In the early 2000’s the situation for the illegal psychedelics also began to turn around with the development of psychedelic research centers at prestigious universities, such as Johns Hopkins, and Harvard here in the U.S. and Imperial College London and Bristol University in the U.K. as well as funding by a number of organizations supporting psychedelic research. Some of the early research at these centers debunked many of the earlier negative findings. For example, when the concurrent use of other recreational drugs was accounted for, there was much less evidence for the serotonin-like psychedelics having severe negative effects. Although there are risks associated with MDMA use, they are considered less serious than for some legally available drugs such as alcohol and tobacco.

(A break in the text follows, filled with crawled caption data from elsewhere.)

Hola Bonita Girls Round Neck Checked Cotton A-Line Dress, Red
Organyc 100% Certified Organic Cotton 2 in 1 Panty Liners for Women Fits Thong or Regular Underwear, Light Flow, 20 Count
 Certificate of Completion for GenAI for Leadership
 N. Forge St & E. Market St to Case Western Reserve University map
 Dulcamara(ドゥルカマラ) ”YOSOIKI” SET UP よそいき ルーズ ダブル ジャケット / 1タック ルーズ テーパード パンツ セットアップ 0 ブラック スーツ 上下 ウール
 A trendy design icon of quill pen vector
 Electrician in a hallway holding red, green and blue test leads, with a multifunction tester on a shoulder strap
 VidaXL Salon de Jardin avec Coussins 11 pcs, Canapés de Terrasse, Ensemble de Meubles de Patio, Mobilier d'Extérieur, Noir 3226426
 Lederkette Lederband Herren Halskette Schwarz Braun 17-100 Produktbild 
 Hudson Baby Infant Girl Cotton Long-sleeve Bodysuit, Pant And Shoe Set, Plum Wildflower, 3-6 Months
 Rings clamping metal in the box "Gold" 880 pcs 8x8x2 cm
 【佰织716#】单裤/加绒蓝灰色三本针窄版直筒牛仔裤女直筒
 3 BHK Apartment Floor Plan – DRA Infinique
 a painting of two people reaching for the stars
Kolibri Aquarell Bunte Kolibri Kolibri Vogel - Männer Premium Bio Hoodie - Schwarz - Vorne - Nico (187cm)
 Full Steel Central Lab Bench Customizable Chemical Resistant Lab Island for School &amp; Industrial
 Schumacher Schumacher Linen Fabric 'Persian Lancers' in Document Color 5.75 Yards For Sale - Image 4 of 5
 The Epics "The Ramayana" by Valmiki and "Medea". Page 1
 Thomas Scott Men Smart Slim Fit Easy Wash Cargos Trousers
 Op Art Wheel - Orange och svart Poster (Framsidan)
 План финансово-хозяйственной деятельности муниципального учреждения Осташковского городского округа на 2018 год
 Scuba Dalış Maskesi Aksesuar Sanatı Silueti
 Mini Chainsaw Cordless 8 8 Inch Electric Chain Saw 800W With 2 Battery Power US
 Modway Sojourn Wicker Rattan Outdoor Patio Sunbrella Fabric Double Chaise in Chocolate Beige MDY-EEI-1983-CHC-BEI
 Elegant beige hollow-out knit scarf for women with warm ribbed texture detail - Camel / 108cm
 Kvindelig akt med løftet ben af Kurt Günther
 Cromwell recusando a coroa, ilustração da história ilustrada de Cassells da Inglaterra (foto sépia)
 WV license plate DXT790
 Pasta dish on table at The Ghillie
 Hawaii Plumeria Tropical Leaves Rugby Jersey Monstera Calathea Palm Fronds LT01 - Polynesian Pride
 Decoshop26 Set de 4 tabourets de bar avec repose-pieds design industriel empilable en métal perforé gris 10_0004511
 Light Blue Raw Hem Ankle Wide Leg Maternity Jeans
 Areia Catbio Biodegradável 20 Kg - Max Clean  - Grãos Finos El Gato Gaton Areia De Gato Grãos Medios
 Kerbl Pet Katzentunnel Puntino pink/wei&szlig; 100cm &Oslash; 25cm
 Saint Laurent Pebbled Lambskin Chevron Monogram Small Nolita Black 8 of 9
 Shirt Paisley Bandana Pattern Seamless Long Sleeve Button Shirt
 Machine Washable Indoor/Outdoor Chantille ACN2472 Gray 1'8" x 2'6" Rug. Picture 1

And finally in 2018, as a step towards possibly legalizing therapeutic use, the FDA granted “breakthrough status” to psilocybin and MDMA. This status allowed medical professionals to treat depression and PTSD on an experimental basis. Unlike earlier treatments, these FDA-approved treatments are required to meet the exacting standards of FDA Phase II and III drug trials and are designed to examine therapeutic effectiveness under highly controlled conditions, determine the best treatment protocols, and also characterize any issues that might arise. Ultimately, this research could be used to determine whether FDA would approve these drugs for more widespread therapeutic use. So far the results look promising.
However, current views on the therapeutic use of psilocybin and MDMA by different organizations encompass the full range of possibilities. For example, the “official” position of the DEA, is that serotonin-like psychedelics (such as psilocybin) and catecholamine-like psychedelics (such as MDMA) are “hard drugs” whose extreme dangers outweigh any benefits (much like heroin, another schedule 1 drug) . On the other hand, many psychiatric experts (e.g. Reiff et al, 2020), as well as the FDA, believe these drugs have medical value but that more research is necessary before formal approval can be granted. At the other end of the spectrum, the state of Oregon recently “jumped the gun” and legalized psilocybin for therapeutic use by state-licensed professionals.
Some of these “illegal” psychedelic drugs will almost certainly receive federal approval for therapeutic use in the near future. Clearly, there are obvious parallels to the disjointed process by which cannabis (another DEA Schedule 1 drug) is being legalized here in the U.S.
Reiff, C. M., Richman, E. E., Nemeroff, C. B., Carpenter, L. L., Widge, A. S., Rodriguez, C. I., . . . McDonald, W. M. (2020). Psychedelics and psychedelic-assisted psychotherapy. Ajp, 177(5), 391-410. doi:10.1176/appi.ajp.2019.19010035
Sessa, B. (2016). The history of psychedelics in medicine. In von Heyuden, M. et al (Ed.), Handbuch psychoaktive substanzen (pp. 1-26). Heidelberg: Springer -Verlag. doi:10.1007/978-3-642-55214-4_96-1
Tullis, P. (2021). The rise of psychedelic psychiatry. Nature, 589, 506-509.